Might As Well Be Dead
22.8.2012 to 30.8.2012
The book was the first Rex Stout novel, featuring Nero Wolfe, I have read. I had heard a lot about the author, high recommendations, which were justified, as he was nominated for the greatest Mystery Writer of the Century, and his series the Best Mystery Series of The Century at Bouchercon 2000, the world's largest mystery convention.
The book starts when Wolfe gets a visit from James Herold asking him to find him his son, Paul Herold. The son was banished from his family and business when he was caught stealing money from his dad’s business. Now, on the behest of his mother, the dad wants his son back, and he has also unearthed evidences which points to the fact that may be Paul Herold was innocent of the embezzlement. So, Wolfe starts his search and finds himself in the midst of dead bodies, one of them belonging to a colleague of his.
The book was set in 1956, now I always felt that as a man in 2012, I was not comfortable with the language used in the book. Nowadays we have got accustomed to short paragraphs and shorter sentences, and here I was barged with half a page paragraphs, and mile long sentences. It was a daunting task, to keep the track of the plot. The language was muddling it up for me.
Even if I could have ignored the grammar, I was hit with the sheer abundance of characters. There were a lots of them, in this book, and with huge paragraphs, and more than one character appearing in one paragraph, things were bound to get muddled, and they did.
And, lastly the plot didn’t make any sense to me. Too much emphasis on pure coincidence, bordering on the impossible.

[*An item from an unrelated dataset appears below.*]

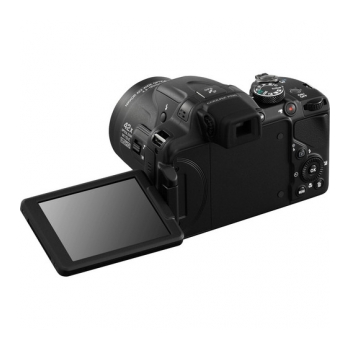 NIKON COOLPIX P520  Máquina fotográfica de 18Mp com lente fixa usada - foto 5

A convict, who had his decision pending the very next day, after Wolfe is contacted by Herold Sr., turning out to be the person being searched for, is the epitome of coincidence.
Maybe, this was not the best of Stout’s work. A man doesn’t get nominated for Best Mystery Writer by writing this stuff. So, will be waiting for my next Rex Stout novel, to get in touch with a real masterpiece.